Mobile phone maker Nokia will halt some chipset development and instead rely on technology from other chipset manufacturers, the company said Wednesday.
The change in strategy means that half of a 400-person group focused on chipset development will move to STMicroelectronics, one of four chip suppliers that Nokia will use for its mobile phones, said Arja Suominen, Nokia's head of communications. STMicroelectronics will supply chips for 3G (third-generation) technology.
The remaining 200 researchers will work on modem and protocol technologies as well and other services and application development, according to Suominen. Overall, the group represented a "very small" part of Nokia's overall research and development, she said. The research that group produces can then be licensed to the chipset makers, Nokia said.
The move will also let Nokia save money when buying high volumes of chipsets, Suominen said.
Nokia views its modem technology, which is the communication center of the chipset and is responsible for aspects such as call quality, as one of its high-value assets, said Niklas Savander, executive vice president for technology platforms.
"This technology has a played a very important role in our success," Savander said during a conference call with analysts and journalists.
By licensing its modem technology, Nokia hopes chipset manufacturers will avoid developing their own modem and protocol stack and instead invest in other areas, Savander said.
The amount of licensing revenue from Nokia's development deal with STMicroelectronics will depend on how successful the chip maker is at selling its chipsets to other vendors, Savander said.
Texas Instruments Inc. will continue to be the primary supplier for a range of chips used in Nokia phones, Suominen said. However, Nokia also said it has picked Broadcom to supply chips with EDGE (Enhanced Data Rates for GSM Evolution) technology. Earlier this year, Nokia picked Infineon Technologies AG as a supplier for GSM (Global System for Mobile Communications) chips.

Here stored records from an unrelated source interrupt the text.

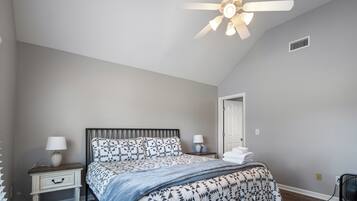 3 ๊ฐ์ ์นจ์ค, ๋ฌด๋ฃ WiFi, ์นจ๋ ์ํธ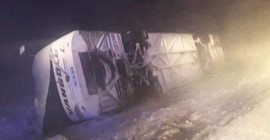 Bitlis’te tipi nedeniyle 2 otobüs devrildi: 35 yaralı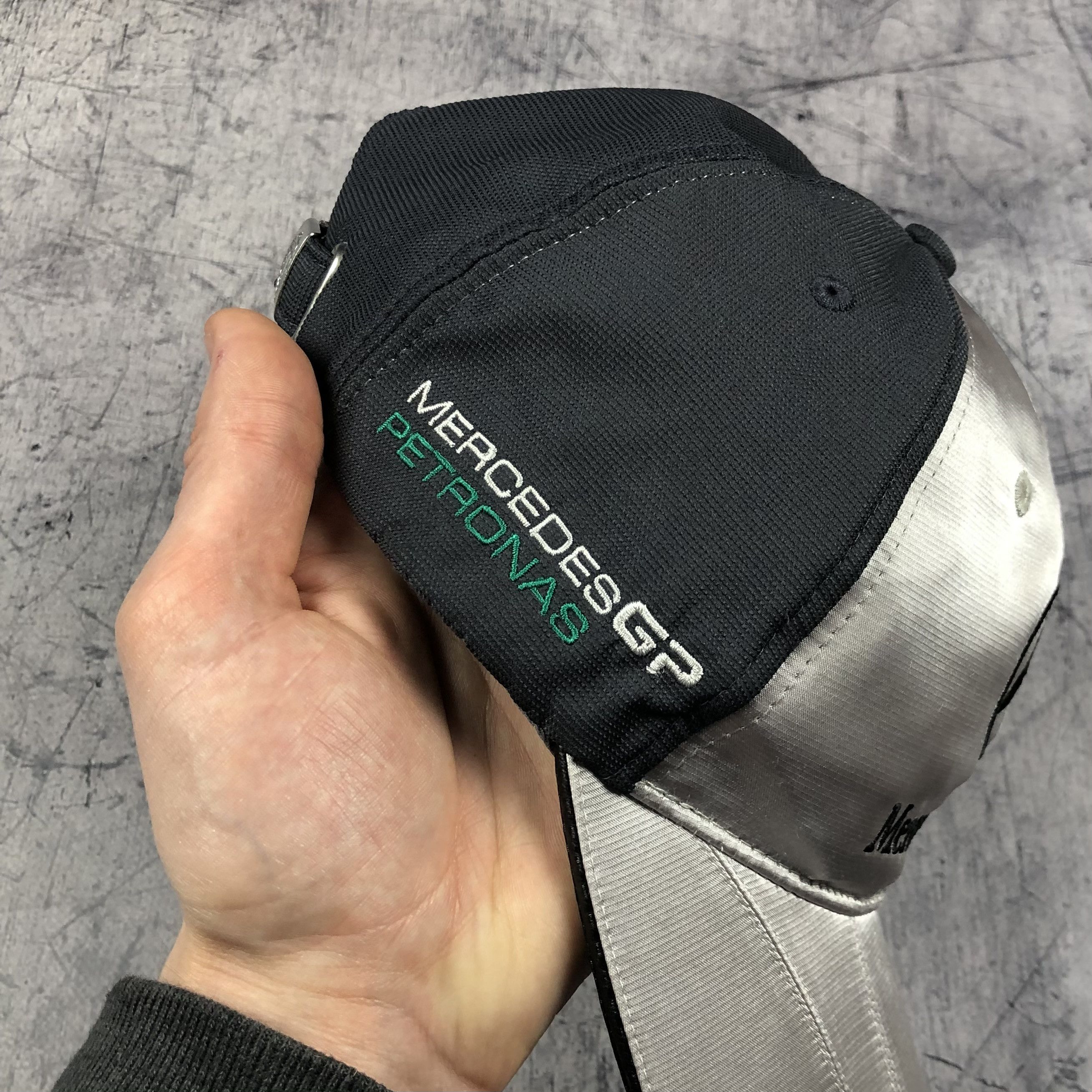 Henri Lloyd Vintage Mercedes-Benz Cap GP Petronas Schumacher Size ONE SIZE - 9 Thumbnail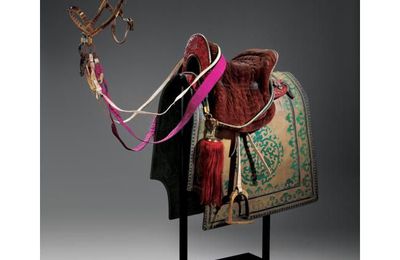 A rare complete imperial riding saddle and bridle. Qing dynasty, Qianlong period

Nokia has sourced chips from Broadcom previously, but the latest deal focuses on EDGE networks, which are expected to be "a very large piece of the overall mobile phone market," said Yossi Cohen, senior vice president and general manager of Broadcom's mobile platforms group. The deal is Broadcom's first for these specific kind of chips.
Broadcom will supply Nokia with a low-power chipset made using the 65-nanometer process, capable of handling H.264 video compression and high-speed USB (Universal Serial Bus) connections of up to 480M bps (bits per second) with PCs, Cohen said. Broadcom will also supply a separate power management chip that controls lighting and the distribution of power to different subsystems, he said.
Cohen said phones using the chips are expected in the second half of 2008, a timeframe that Nokia's Suominen, however, declined to confirm.
It's also unclear whether Nokia's chipset development changes will mean cheaper phones. The chipset is just one component in a mobile phone and among several factors that influence pricing, Suominen said.
"As you know, the competition in this market is tough, and the average selling prices [of mobile phones] in the industry have declined, so we need to take care of our competitiveness," she said.